In a significant cybersecurity breach, pharmaceutical giant Cencora faced a massive ransom attack, leading to a record-breaking Bitcoin payment. Details of this incident emerged through a Bloomberg report and insights from cybersecurity experts. Ranked 11th on the Fortune 500 list, Cencora’s experience underscores the growing threat posed by ransomware attacks. The company faced a $150 million ransom demand, leading to notable cybersecurity expenses reported in their July financial disclosures.
How Did the Attack Unfold?
The attack, traced back to February, saw hackers compromising sensitive data, including personal and medical information of clients. In March, Cencora made payments in three separate transactions, totaling $75 million, to the notorious Dark Angels group. This payment set a new record, surpassing the previous high of $40 million paid by CNA Financial in 2021. The transaction was confirmed by Chainalysis, highlighting the increasing frequency and cost of such ransom demands.
Who Are the Dark Angels?
The Dark Angels, a group known for high-stakes cyber extortions, orchestrated the attack on Cencora. Their operation involved demanding large sums of cryptocurrency, relying on the anonymity that digital transactions offer. According to Charles Carmakal, CTO of Mandiant Consulting, while such large payments are rare, they do occur without public acknowledgment, suggesting that there might be more undisclosed incidents.

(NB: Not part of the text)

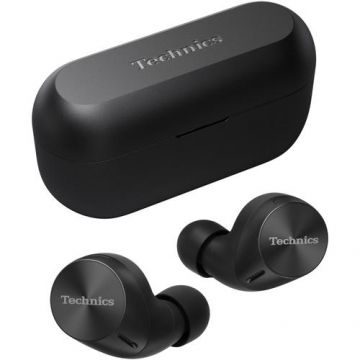 Casti True Wireless Technics EAH-AZ60M2EK, Bluetooth Multipoint, Hybrid Noise Cancelling, Alexa built-in, JustMyVoice, Autonomie 25 ore (Negru)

– $75 million paid in Bitcoin, a record-breaking ransom.
– Attackers accessed personal and medical data in February.
– Cencora’s payment exceeded CNA Financial’s $40 million in 2021.
– Average ransom payments have increased to $1.5 million by June.

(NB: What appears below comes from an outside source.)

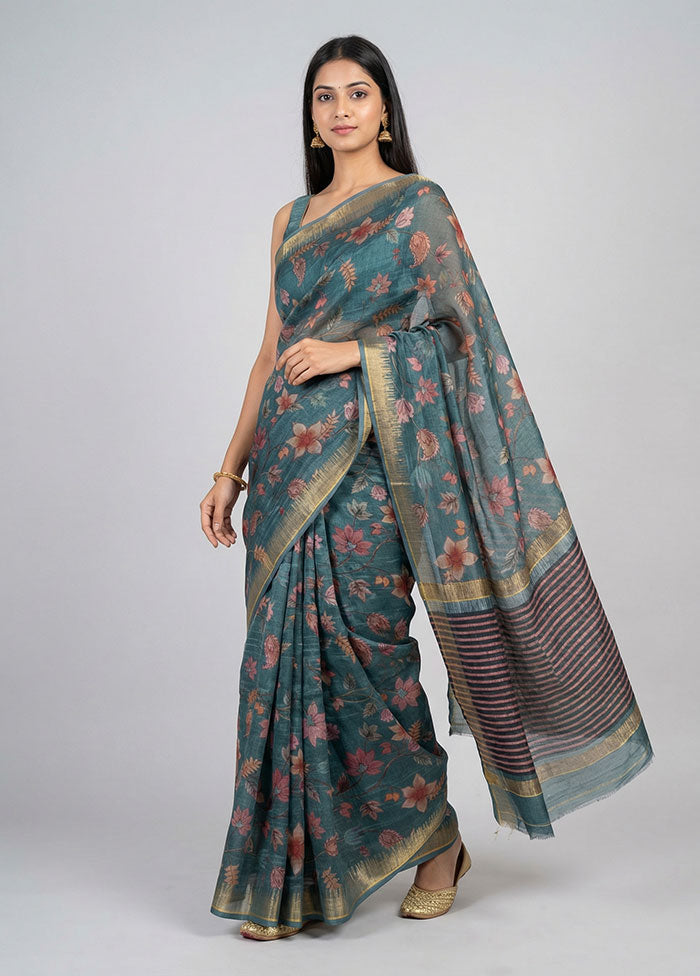Blue Tussar Silk Saree With Blouse Piece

– Total ransom payments in 2023 have reached $1 billion.
ZachXBT, a renowned crypto crime investigator, identified the Bitcoin addresses used in the transactions, which were distributed across three installments in March. This disclosure shed light on the attackers’ operational methods and highlighted gaps in public transparency regarding such incidents. The funds were traced to addresses linked with illegal activities, raising concerns over the use of cryptocurrencies in facilitating cybercrime.
Cencora’s experience reflects the increasing sophistication of cybercriminals and the growing challenges faced by major corporations. As companies continue to navigate these threats, transparency and enhanced cybersecurity measures are critical to safeguarding sensitive data and preventing future breaches.